Its name is Christmas and we have yet to learn
How to keep it close for more than
this one brief, shining moment.
Someday, perhaps... with love.

Wednesday, December 12, 2007

"Be a lamp unto yourself"

I haven't been posting about our Advent readings, but we've continued to have them. I've been battling writer's block. But I thought I'd share what I read tonight...

'Be a lamp unto yourself.
Don't search for light anywhere else;
the light is already there, the fire is already there.
Just probe a little deeper into your being, enquire.
Maybe much ash has gathered around the fire...
Just probe deep inside, and you will find the spark again.
And once you have found a single spark inside you,
you will become a flame, soon you will be a fire...
a fire that purifies, a fire that transforms,
a fire that gives you a ne
w birth and a new being.
Be a lamp unto yourself.'
Last words of Gautama, the Buddha

And for music, I went with this. (Not entirely sure it goes with the Buddha quote, but I think the song is cool.)

Tuesday, December 4, 2007

Advent ritual: Day 1

As part of this exercise in choosing to live more intentionally, I'm trying to make sure we do some sort of evening ritual each day during Advent. We did something like this for the first time last year, but I'm still figuring this thing out. Son in Ohio is very vocal about being an unbeliever, and frequents a web site called "God Is Imaginary". So I'm trying to find readings that aren't necessarily religious--or not exclusively Christian, at any rate. Mostly, I want to make sure we're taking time to "ponder", to reconnect, to step back from the frantic December pace.

We were planning to start lighting Advent candles on Sunday night, but Daughter ended up having more homework than we thought, and Son was asleep early. Last night I was giving final exams. So tonight was the first night we actually did this thing, which, in case I wasn't entirely clear on this, I'm kind of making up as I go. But I've come up with something of a loose structure: light candle, do some sort of reading, and play a piece of music. And then one of the kids blows out the candle.

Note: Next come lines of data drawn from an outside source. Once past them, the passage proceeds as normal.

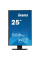 Монітор iiyama XUB2595WSU-B5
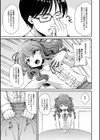 男の娘のいる日常試し読み9ページ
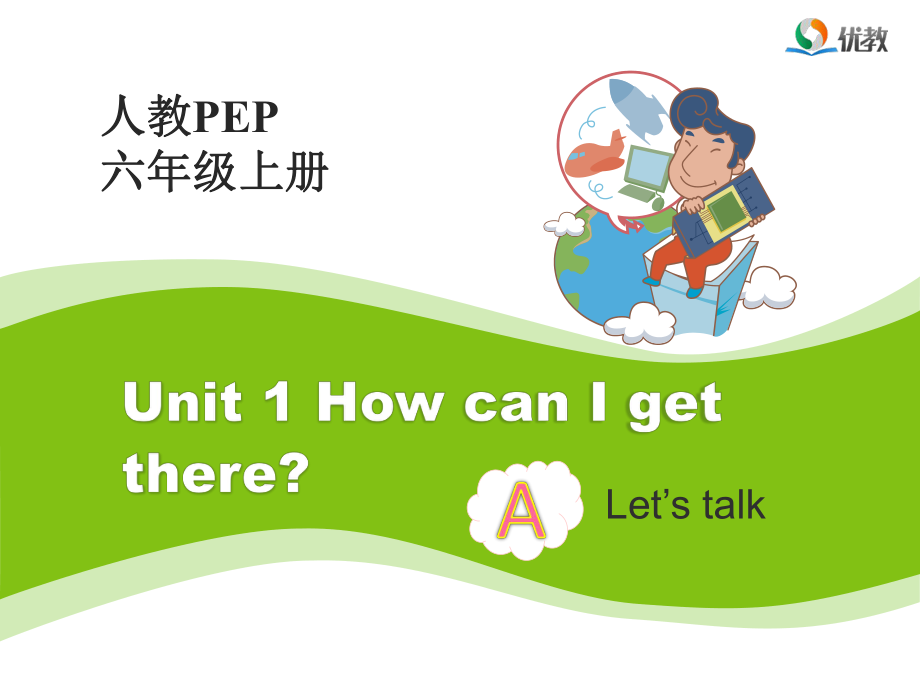 Unit1_How_can_I_get_there？第2课时教学课件_第1页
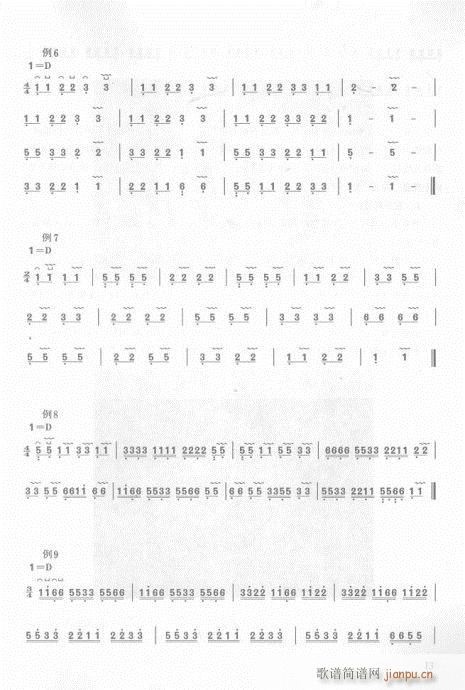 古筝入门教材  版 前言-15页16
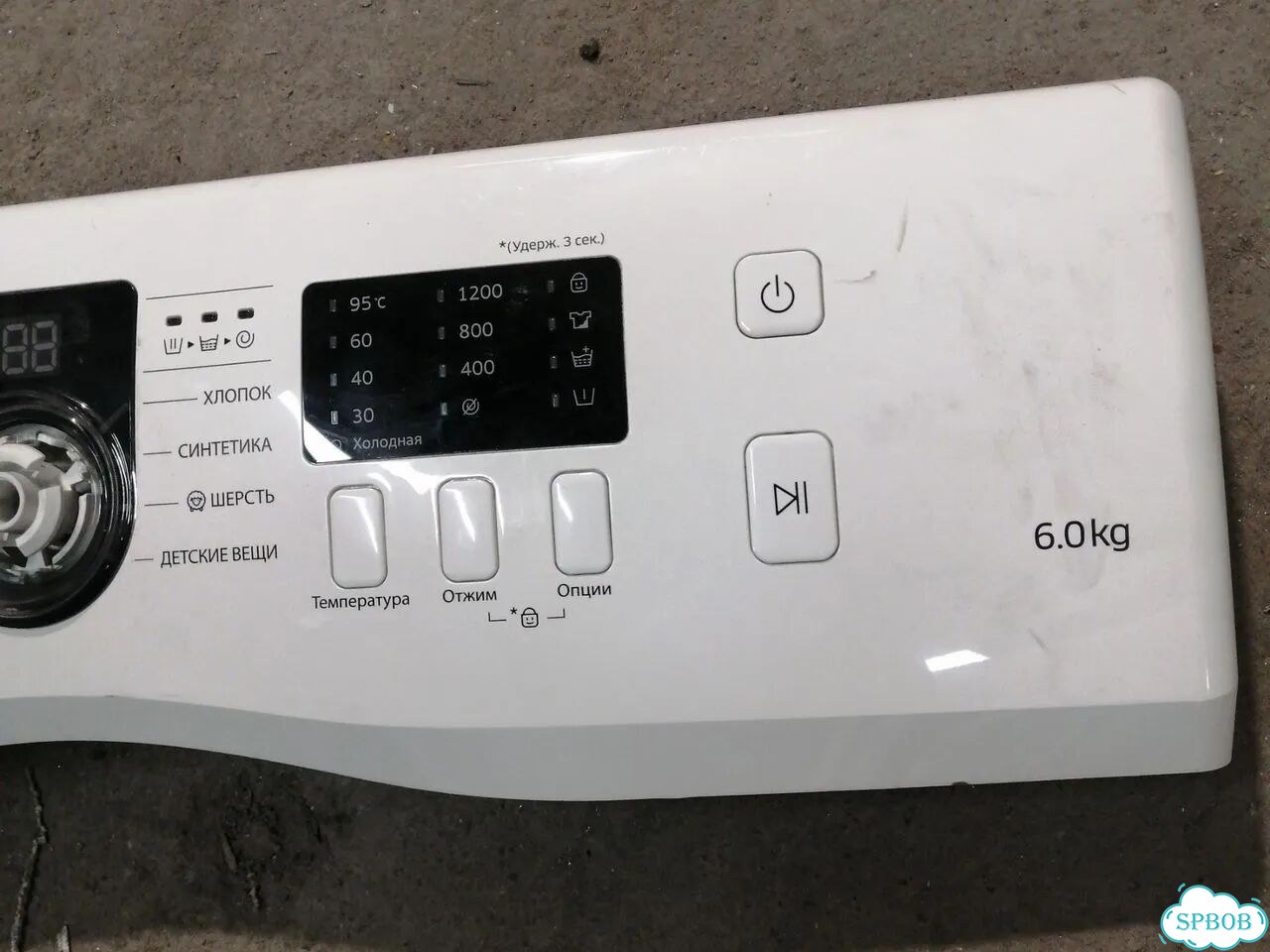 Модуль Samsung wf60f1r2f2wdlp фото 8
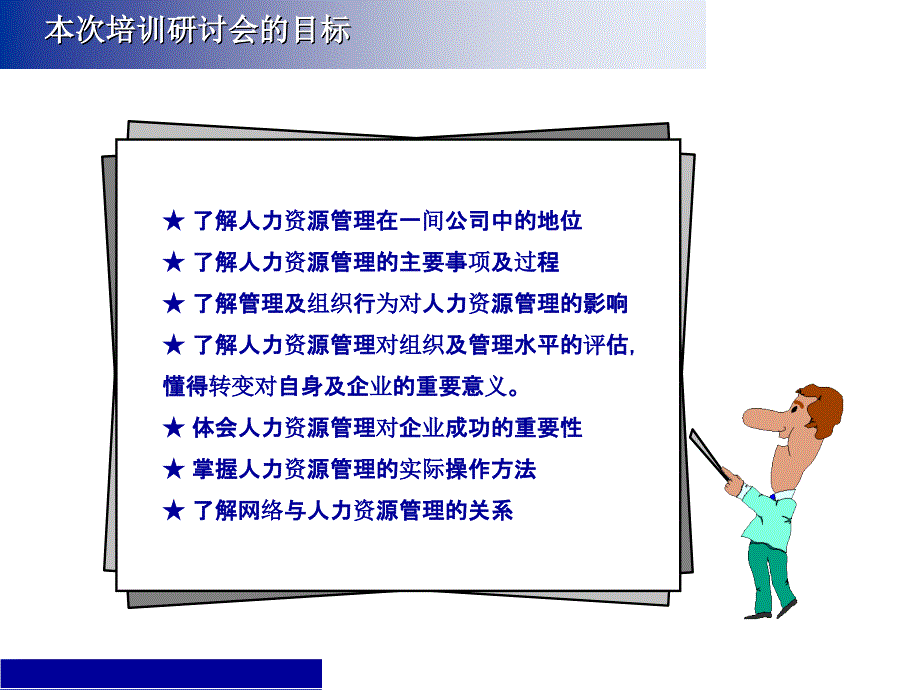 人力资源管理与组织发展培训课件_第2页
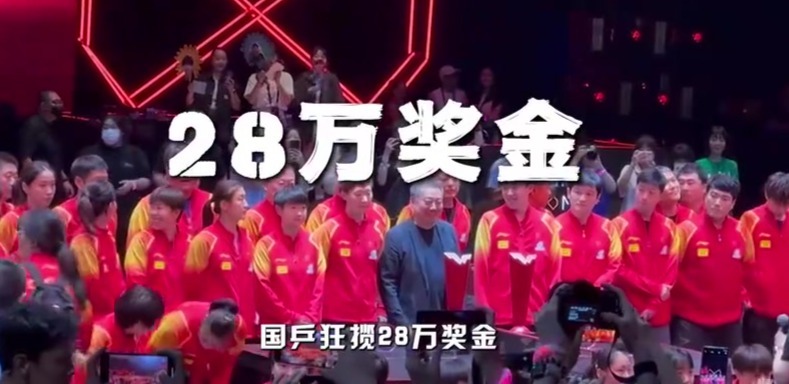 全场贡献28分7助攻欧文带队逆转对手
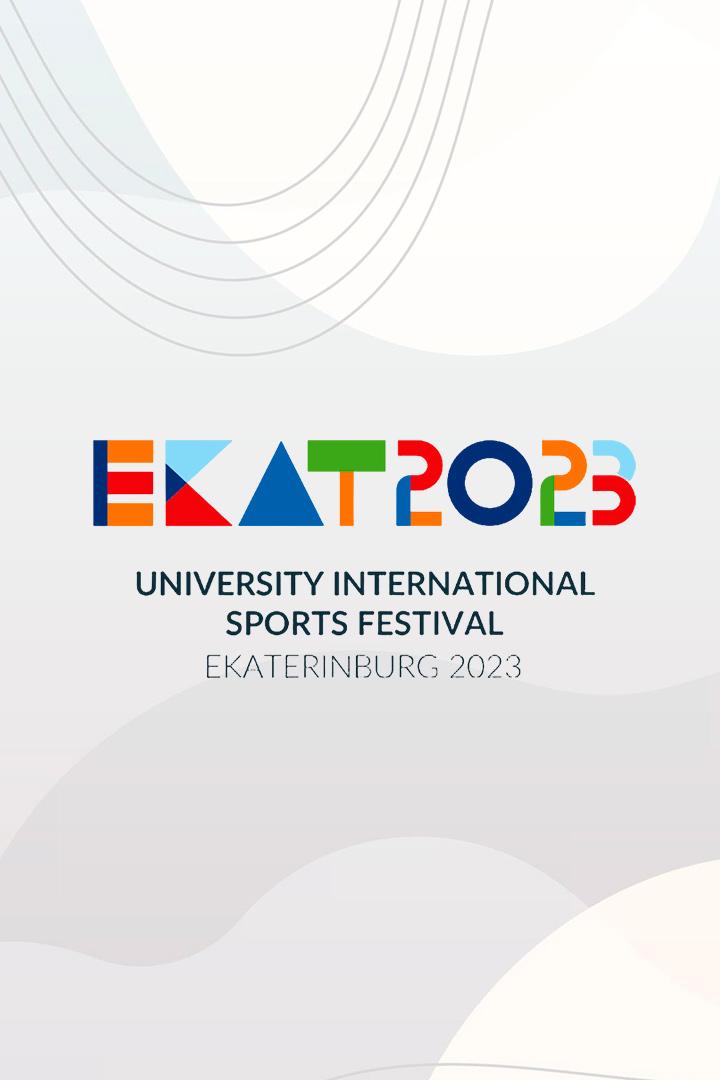 МФУС-2023. Настольный теннис. Мужской одиночный разряд. Финал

Son in Ohio mentioned something about Moses and the burning bush earlier today, and that inspired me to look up something I'd read several years ago by Rabbi Lawrence Kushner. I used it for tonight's reading:

Creation is the process of waking up. Take the story of Moses and the burning bush. Most people were taught that this story is about God performing a miracle to get Moses' attention. Now if you were God, how would you get someone's attention? Maybe split the Red Sea, maybe set up a pillar of fire--big time stuff. But why make a bush catch fire and not get burned up? Why would God do that?

I was once sitting at home in Boston in front of the fire, and I made this discovery. Do you know how long you have to watch wood burn before you know whether or not it's being consumed? Five minutes, which means there could be a miracle going on in your fireplace but you wouldn't know it unless you watched for five minutes.

The burning bush was not a miracle, it was a test. God wanted to see if God was dealing with somebody who would pay attention for five minutes. So creation begins with opening your eyes and paying attention. And when we pay attention, we discover the world, and when we discover the world, we discover that everything is connected--or at least a lot more things are connected than we had previously thought. We get a sense that there's something else going on.

God didn't create the world once and for all; God continuously creates the world. The process goes on all the time, and we try to be aware of it.
And the music was I played was Bach's Air from Suite No. 3 in D Major. When I looked through our music, it was what I could find that seemed to fit the bill: peaceful, but not dreary, and not overly long. I have no idea what music I'll be using tomorrow, so I'm open to suggestions.